Bei der Beurteilung der Frage, ob konkrete und individuelle Gefahren iSv § 60 Abs. 7 AufenthaltsG vorliegen, ist zwecks Angleichung der europäischen Rechtsstandards inzwischen allerdings die Richtlinie 2004/83/EG des Rates v. 29.4.2004 (Amtsblatt der Eur. Union v. 30.9.2004) zu beachten und einzubeziehen. Danach sind u.a. "alle mit dem Herkunftsland verbundenen Tatsachen, die zum Zeitpunkt der Entscheidung über den Antrag relevant sind", zu berücksichtigen (Art. 4 Abs. 3 a) der Richtlinie), aber auch "die individuelle Lage und die persönlichen Umstände des Antragstellers" ( Art. 4 Abs. 3 c) der Richtlinie).

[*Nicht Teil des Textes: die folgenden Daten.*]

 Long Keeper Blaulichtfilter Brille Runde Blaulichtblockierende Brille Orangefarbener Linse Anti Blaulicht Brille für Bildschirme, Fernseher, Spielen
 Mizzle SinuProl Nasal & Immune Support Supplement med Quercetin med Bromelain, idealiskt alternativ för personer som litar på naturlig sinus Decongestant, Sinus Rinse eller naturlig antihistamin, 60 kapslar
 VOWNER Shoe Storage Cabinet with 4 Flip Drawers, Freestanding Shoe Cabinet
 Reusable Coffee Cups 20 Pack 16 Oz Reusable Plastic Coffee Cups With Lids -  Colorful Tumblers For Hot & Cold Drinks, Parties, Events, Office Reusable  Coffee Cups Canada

Allerdings kann die Beklagte in ihrer Zuständigkeit nur über zielstaatsbezogene Abschiebungshindernisse entscheiden, nicht über inlandsbezogene Hindernisse. Entscheidend ist hier deshalb iSe zielstaatsbezogenen Abschiebungshindernisses, ob für den Kläger eine ausreichende Therapie seiner unstreitig vorliegenden Erkrankung in Vietnam gewährleistet ist (vgl. Nds. OVG v. 28.1.1999 - 11 L 4582/98 - für Türkei). Das ist für neurologische und psychotherapeutische Behandlungen zwar nur schwer einschätzbar, aber aufgrund der bislang bekannten Verhältnisse in Vietnam (Art. 4 Abs. 3 a) der gen. Richtlinie) nicht anzunehmen.

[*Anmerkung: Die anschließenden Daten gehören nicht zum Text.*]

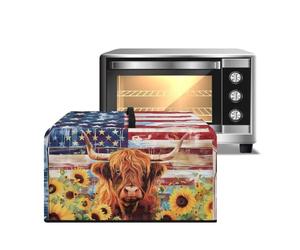 Garucesta Microwave Oven Dust Cover Decorative Air Fryer Toaster Oven Cover Countertop Microwave Protector for Indoor Kitchen Decor, L, Highland Cow American Flag Sunflower Print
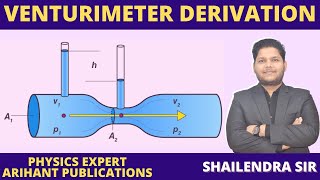 VENTURIMETER DERIVATION  DETAIL EXPLANATION  FLOW OF LIQUIDS venturimeter physicsstudents fluid [upl. by Bithia]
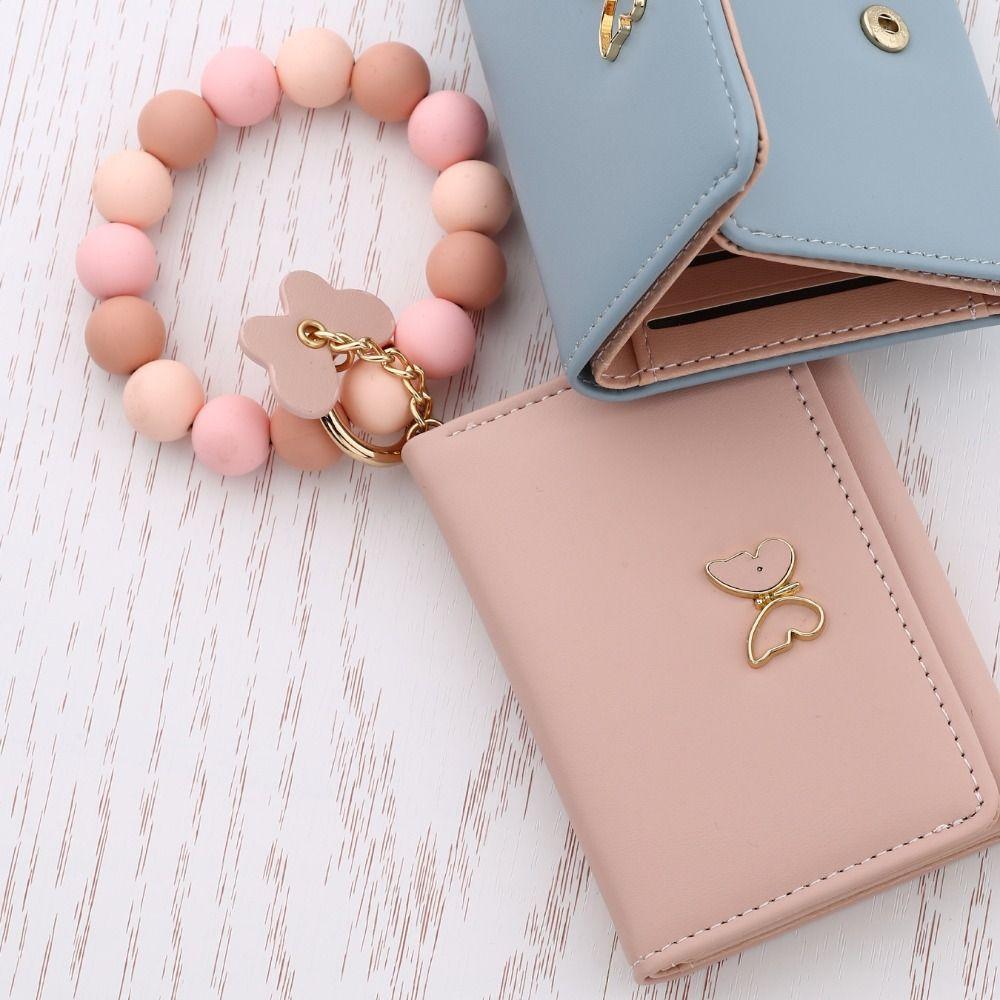 Boho Style Butterfly Wristlet Wallet Keychain Butterfly Charm Bangle Wallet Keychain  Cards Storage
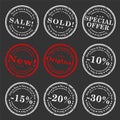 Sale stamp set Royalty Free Stock Photo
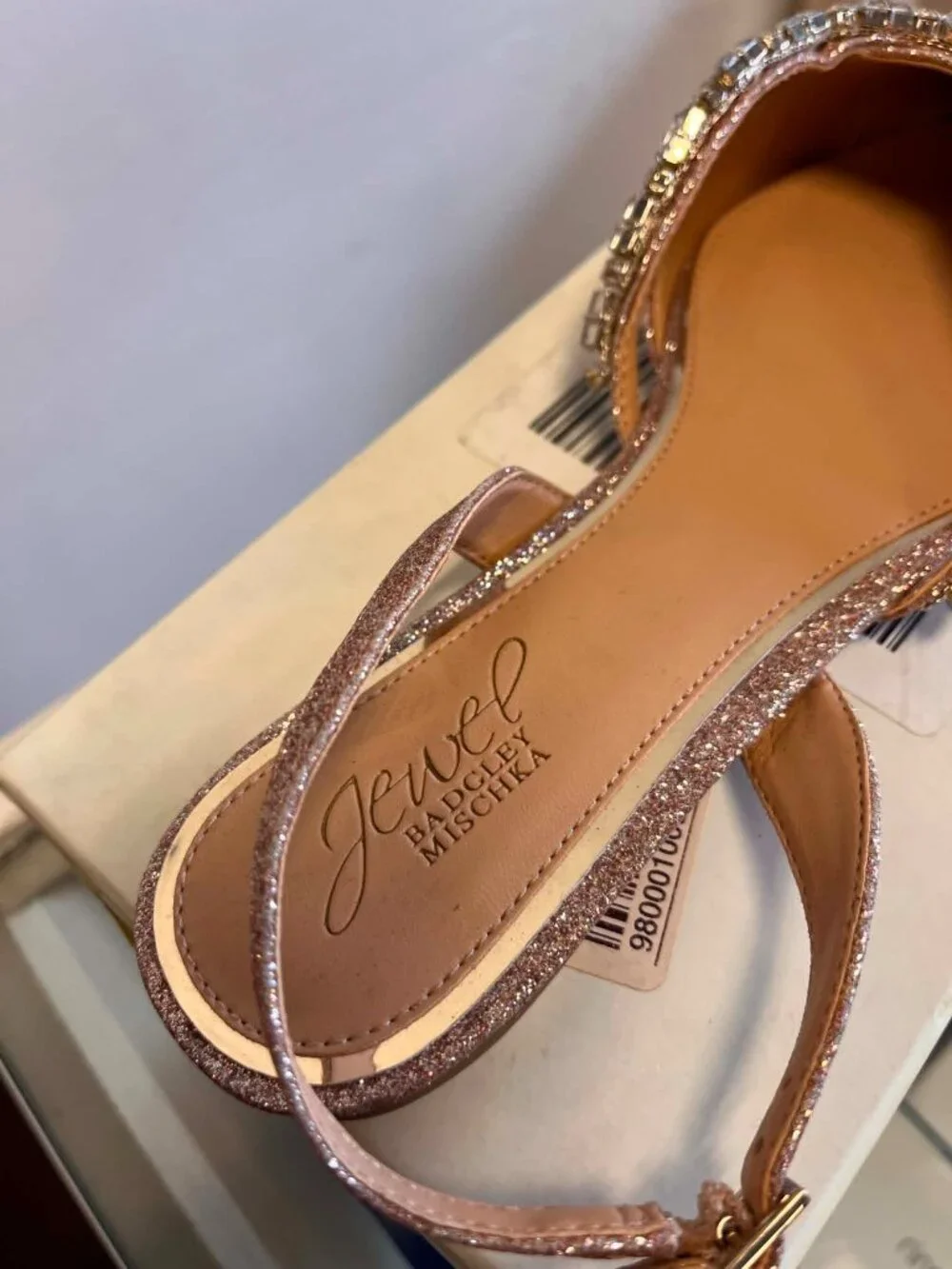 Jewel Badgley Mischka Women's Camden Rose Gold Pointed Flat Size 8 - P1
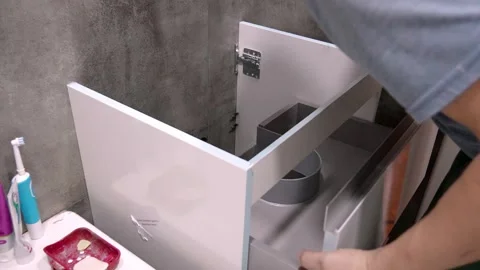 Carpenter assembling bathroom sink cabinet Stock Footage 304118298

Allgemein gilt für Vietnam nämlich die Regel, dass die Qualität der Behandlung noch an die Höhe der Bezahlung gekoppelt ist (so AA Lageberichte v. 4.3.2004 und v. 1.4.2003). Bei den gängigen Medikamenten, die als Importprodukte erhältlich sind, kann es zu qualitativen und zeitlichen Engpässen kommen, wobei für die psychiatrischen Einrichtungen davon auszugehen ist, dass sie auf einem relativ guten Niveau liegen (AA, aaO), jedoch nur in den Großstädten zur Verfügung stehen. Diese Verhältnisse garantieren nicht die notwendige Behandlung des Klägers, der ohne jedes Einkommen und ohne familiären Rückhalt wäre. Er könnte sich eine Behandlung, wie sie für ihn erforderlich wäre, ganz offensichtlich nicht leisten (vgl. dazu auch VG Göttingen, Urt. v. 10.6.2004 2 A 382/03 -).

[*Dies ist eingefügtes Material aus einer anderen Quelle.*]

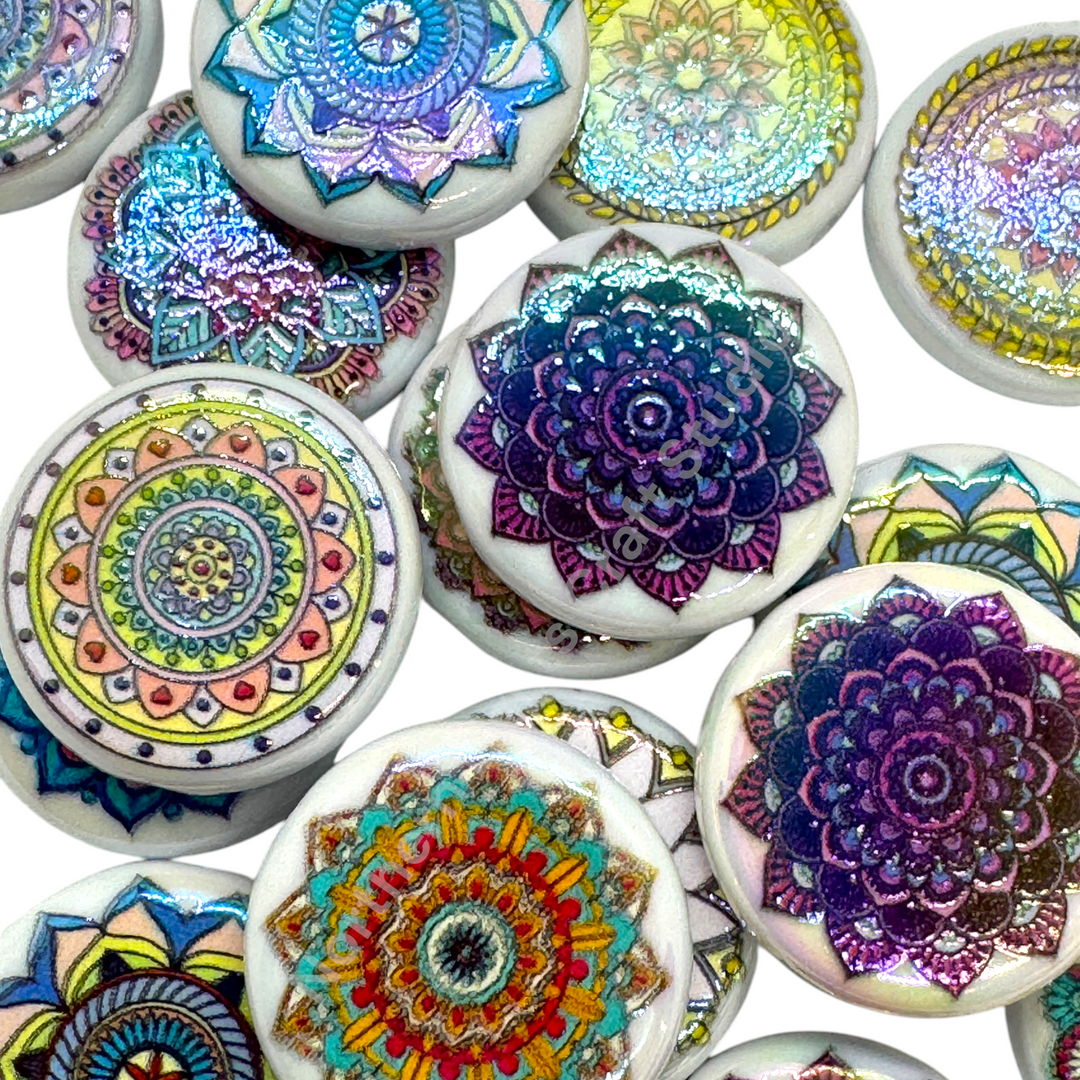 Mandala UV Coated Printed Acrylic 22mm Bead Mix - 10 pc.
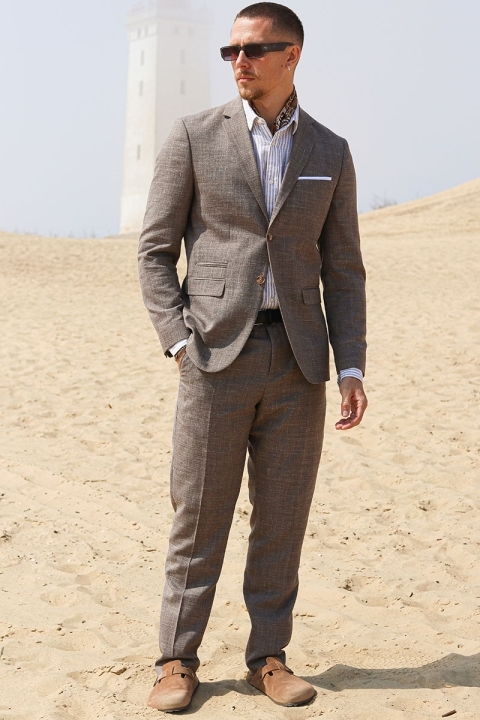 Selected Slim Oasis Linnen Suit Dark Sand Melange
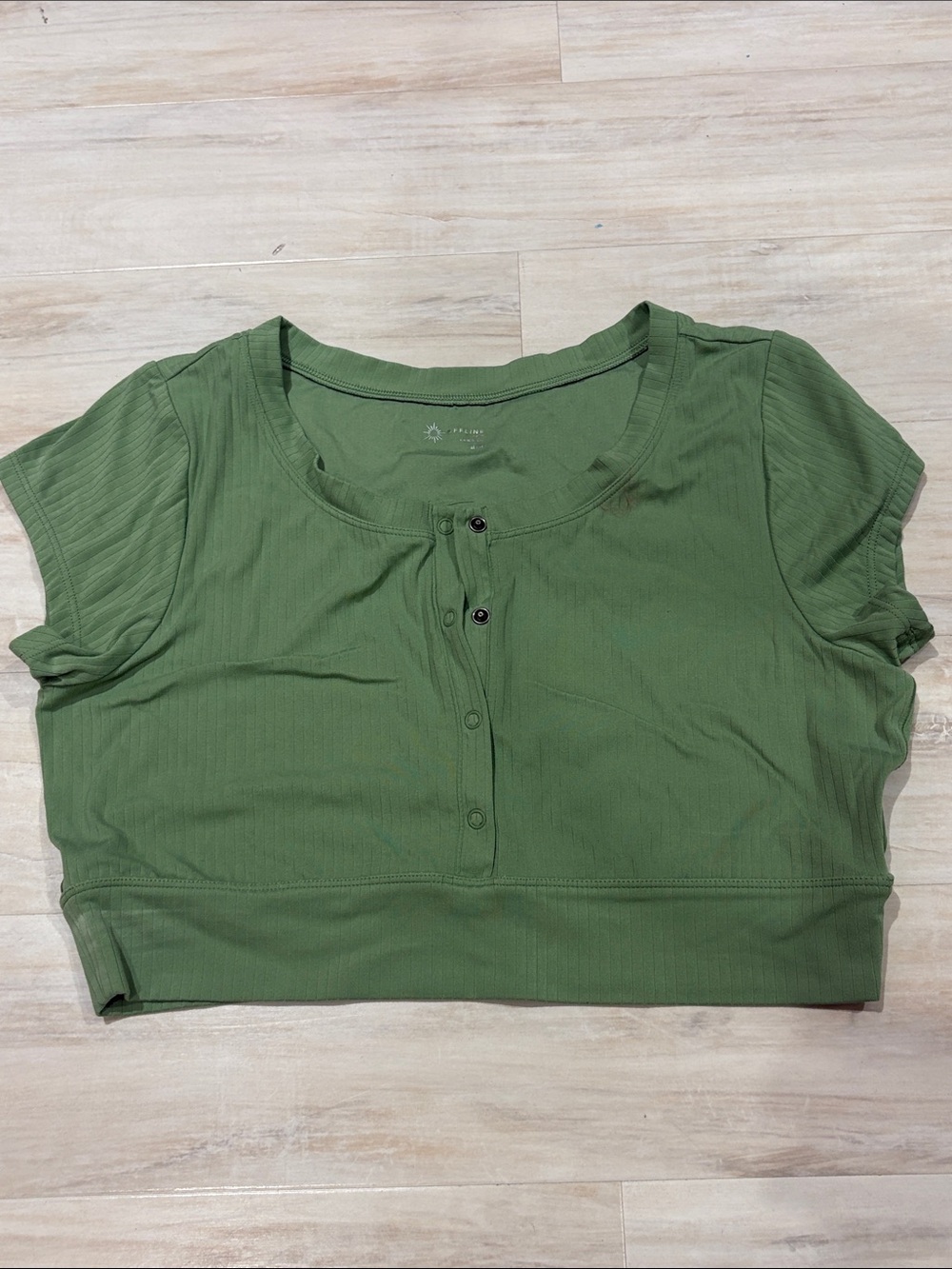 Mi Olive Green Henley Crop Top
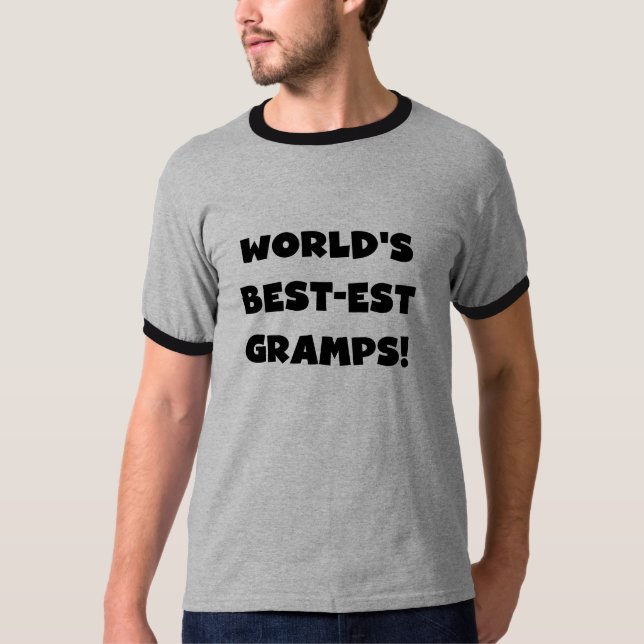Black Text World's Best Gramps Geschenke T-Shirt (Vorderseite)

Unabhängig von dem Vorstehenden hat die Klage aber deshalb Erfolg, weil die Versorgungslage mit Medikamenten in Vietnam für Menschen mit unzureichendem Einkommen, die an einer insulinpflichtigen Diabetes Mellitus I - Erkrankung leiden, so ungünstig ist, dass eine Abschiebung der Kl. nach Vietnam bei ihr zu schwersten gesundheitlichen Beeinträchtigungen, wenn nicht sogar zum baldigen Tod führen würde. Das hätte das Bundesamt bei der nach § 49 I VwVfG zu treffenden Ermessensentscheidung berücksichtigen müssen. Da das Ermessen hier wegen der Folgen für die Kl. auf Null reduziert ist, vermag das Gericht den begehrten Verpflichtungsausspruch zu erlassen. Nach dem aktuellen Lagebericht Vietnam des Auswärtigen Amtes vom 04.03.2004 (S. 10 f.), der die Erkenntnisse des Lageberichts aus dem Jahre 2003 fortschreibt, steht nach wie vor den Vietnamesen (bis auf hier nicht interessierende Ausnahmen) kein staatliches - kostenfreies - Gesundheitssystem Verfügung. Zwar sind die meisten Krankheitsbilder, so auch Diabetes Mellitus I in Vietnam grundsätzlich behandelbar. Die Qualität der Behandlung und die Möglichkeit, sich mit Medikamenten zu versorgen, ist aber unmittelbar abhängig von den finanziellen Möglichkeiten des Einzelnen. Anders gewendet: Wer wie die Kl. das nötige Geld in Vietnam für Insulin nicht hat, ist nach Rückkehr in die Heimat dem baldigen Tode geweiht. Nichts anderes besagt die den Beteiligten bekannte Auskunft der Botschaft der Bundesrepublik Deutschland in Hanoi an das VG Braunschweig vom 30.09.1999 (vgl. die unpaginierten Beiakten B), hinsichtlich derer das Gericht keinerlei Erkenntnisse hat, dass die dortigen Ausführungen nicht mehr zuträfen.